Pacino received his first Best Actor Oscar nomination for Serpico, but he didn’t win the Best Actor Award until 1993 for Scent of a Woman playing the part of a blind ex-Army officer. He starred in other notable films including,... .And Justice for All, Dog Day Afternoon and Frankie and Johnny. He’s not done. Look out for these 2019 flicks: Al Pacino and Robert De Niro in Martin Scorsese’s film, The Irishman, and Quentin Tarantino’s Once Upon a Time in Hollywood with Brad Pitt, Leonardo DiCaprio, and Pacino.
Barbra Streisand
Known for: Yentl and “Evergreen”
Net worth: $400 million
“Hello, gorgeous.” Thus spoke Barbara Streisand as she greeted her first Oscar. Decked out in a flowing hippie-style sheer jumpsuit, with pants so flared she tripped on them climbing onto the stage, she received the Best Actress Award for Funny Girl , tying with Katherine Hepburn. Her second Academy Award came the following year for Best Original Song, “Evergreen,” the theme song to A Star is Born . Her list of Grammys, Golden Globes and other awards trails on. As a rare member of the EGOT artists club, she’s got a Tony too. Along with eight Grammys, her recording career produced 150 million album sales worldwide. She’s more than music. In 1983, Streisand pioneered the role of women in the film industry when she wrote, produced, directed and starred in Yentl . Until then, no other woman had achieved this.

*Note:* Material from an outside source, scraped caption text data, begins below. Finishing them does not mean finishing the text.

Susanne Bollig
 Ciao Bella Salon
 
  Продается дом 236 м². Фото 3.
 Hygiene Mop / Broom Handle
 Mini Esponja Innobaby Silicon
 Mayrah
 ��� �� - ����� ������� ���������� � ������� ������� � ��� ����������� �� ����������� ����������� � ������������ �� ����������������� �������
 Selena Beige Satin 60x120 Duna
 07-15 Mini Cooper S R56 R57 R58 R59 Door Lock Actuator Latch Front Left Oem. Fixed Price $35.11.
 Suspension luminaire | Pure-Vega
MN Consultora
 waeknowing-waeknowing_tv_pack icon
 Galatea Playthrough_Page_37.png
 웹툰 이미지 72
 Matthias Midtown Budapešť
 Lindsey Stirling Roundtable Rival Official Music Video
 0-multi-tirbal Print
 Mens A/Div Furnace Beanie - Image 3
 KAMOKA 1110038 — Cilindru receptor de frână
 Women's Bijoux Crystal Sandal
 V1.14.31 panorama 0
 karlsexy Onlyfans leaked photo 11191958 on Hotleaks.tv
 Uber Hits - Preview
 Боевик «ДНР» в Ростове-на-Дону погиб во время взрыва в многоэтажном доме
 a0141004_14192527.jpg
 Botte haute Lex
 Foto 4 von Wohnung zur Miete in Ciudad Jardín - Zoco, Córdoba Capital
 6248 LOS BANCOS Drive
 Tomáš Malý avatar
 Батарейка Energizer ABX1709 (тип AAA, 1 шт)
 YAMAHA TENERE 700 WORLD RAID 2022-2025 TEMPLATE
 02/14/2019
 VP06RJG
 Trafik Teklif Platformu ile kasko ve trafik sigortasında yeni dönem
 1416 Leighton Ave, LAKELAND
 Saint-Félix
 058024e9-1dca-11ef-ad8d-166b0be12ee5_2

Her beginnings were not as grand. After the sudden death of her father when she was a year old, she and her brother teetered on the brink of poverty growing up in Brooklyn, New York. With her mom unavailable working long hours as a bookkeeper, she struggled through childhood but gradually found value in her voice. Everyone noticed it. Now she gives back. The Streisand Foundation has raised $25 million and has funded over a thousand grants toward causes ranging from nuclear disarmament to women’s issues. Politically, she supports the environment and disses President Trump.
Harvey Keitel
Known for: Mean Streets and Taxi Driver
Net worth: $45 million
Brooklyn-raised, Harvey Keitel grew up in an immigrant family of Ashkenazic Jews during the 1940s. He received his bachelor’s degree from the prestigious Actor’s Studio in N.Y.C. and continued to study acting at the HB Studio under Stella Adler and Lee Strasberg. Shortly after, he hooked up with a young Martin Scorsese in Who’s That Knocking at My Door , effectively sparking a long-term collaboration on various projects. When Keitel starred with Robert De Niro in Scorsese’s 1973 Mean Streets , it became the breakthrough film for all three men. Teaming up again in the neo-noir psych-thriller Taxi Driver (1976), they gladly found the film showered with praise. The heavy-hitting young cast included the likes of Cybil Shepherd, Jodie Foster, and Peter Boyle. Nominations from the Academy and Cannes helped distinguish the controversial film as one of the best movies of all time.
Keitel was just getting started. Teaming up with Scorsese’s screenwriter, Paul Schrader, Keitel starred in his 1977 and 1978 directorial debuts. However, he fell into a slump in the ’80s, playing lackluster roles in Copkiller and in the mafia comedy Wise Guys. In the ’90s, things started picking back up. His performance as Mr. White in Quentin Tarantino’s Reservoir Dogs jolted his career back into gear. He continued to work with Tarantino and Scorsese and began working with Spike Lee. He was in Thelma and Louise, Chinatown, and The Last Temptation of Christ, another controversial Scorsese film.